▸ **TASK ITEM**
What is wanted is the full listing, word for word, without its pictures.

▸ **MATERIAL FOR THE TASK**
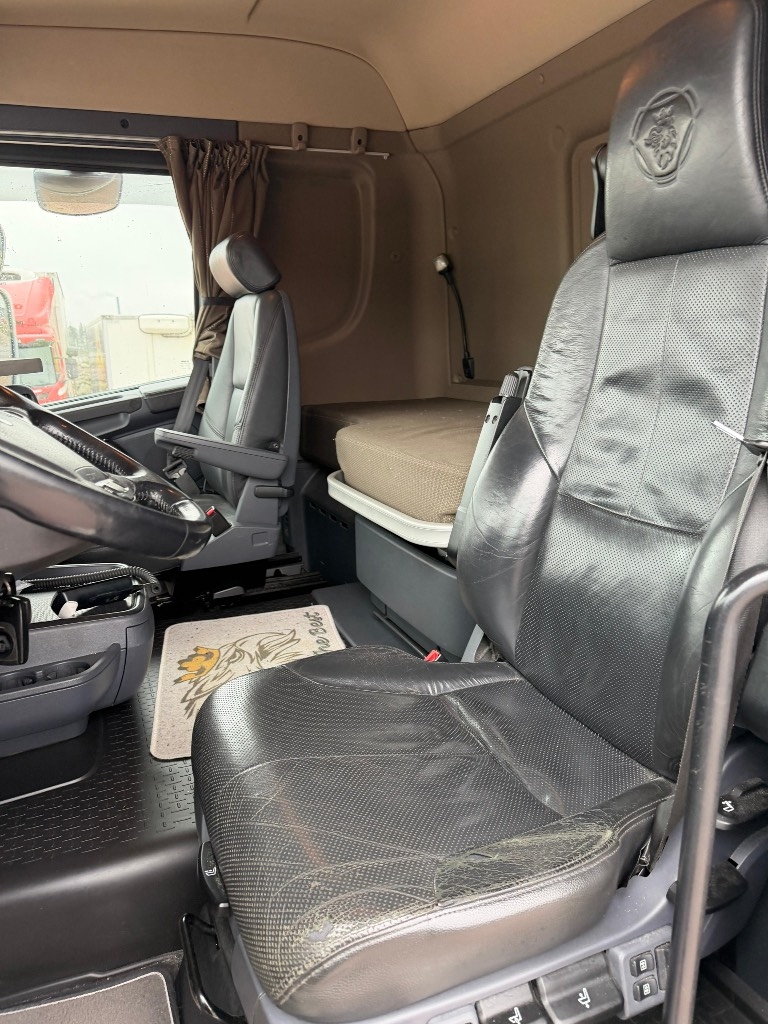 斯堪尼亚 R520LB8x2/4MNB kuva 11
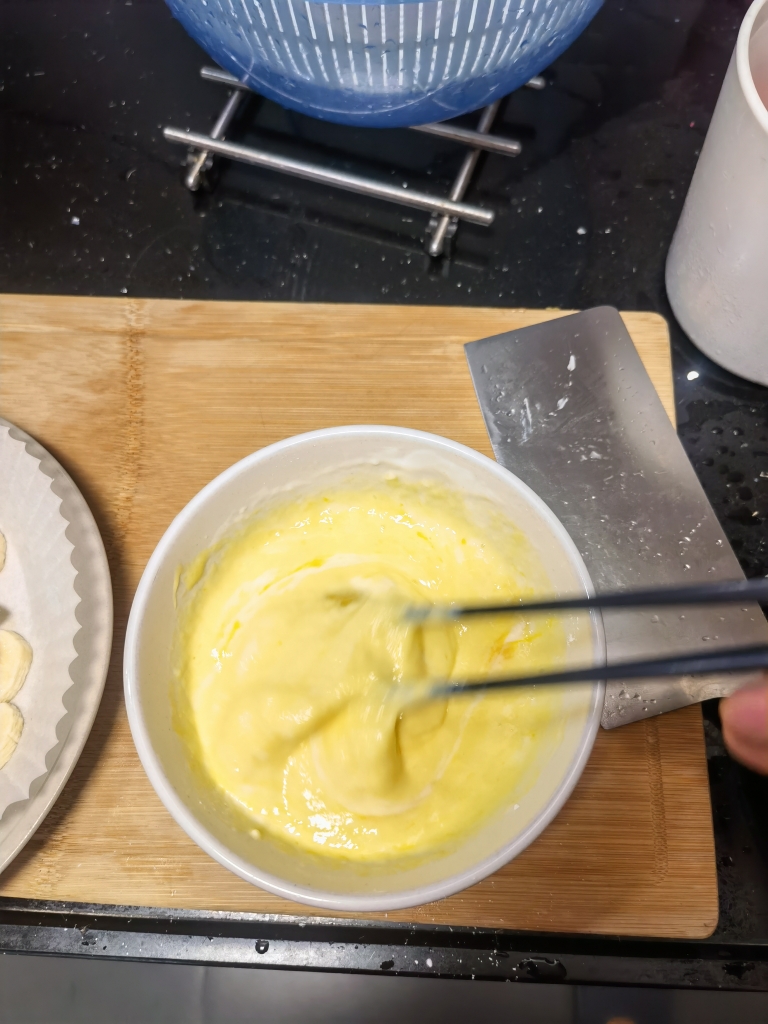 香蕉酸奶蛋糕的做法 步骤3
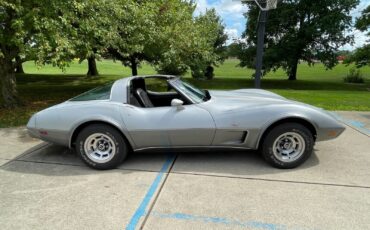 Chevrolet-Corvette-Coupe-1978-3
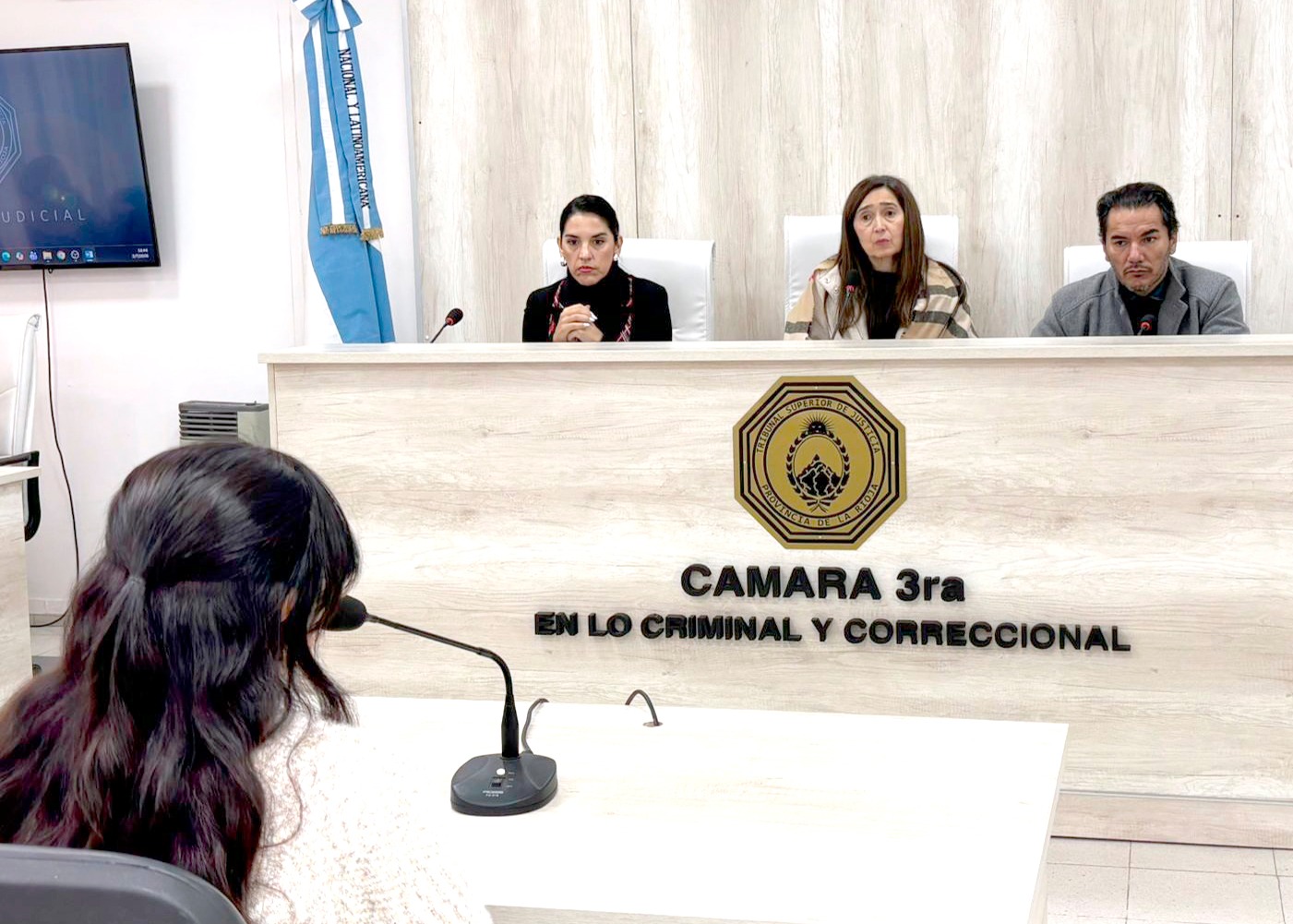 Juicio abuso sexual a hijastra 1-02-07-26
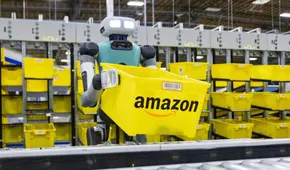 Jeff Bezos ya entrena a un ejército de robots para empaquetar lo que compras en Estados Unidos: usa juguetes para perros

▸ **WRITTEN SOLUTION**
 斯堪尼亚 R520LB8x2/4MNB kuva 11
 香蕉酸奶蛋糕的做法 步骤3
 Chevrolet-Corvette-Coupe-1978-3
 Juicio abuso sexual a hijastra 1-02-07-26
 Jeff Bezos ya entrena a un ejército de robots para empaquetar lo que compras en Estados Unidos: usa juguetes para perros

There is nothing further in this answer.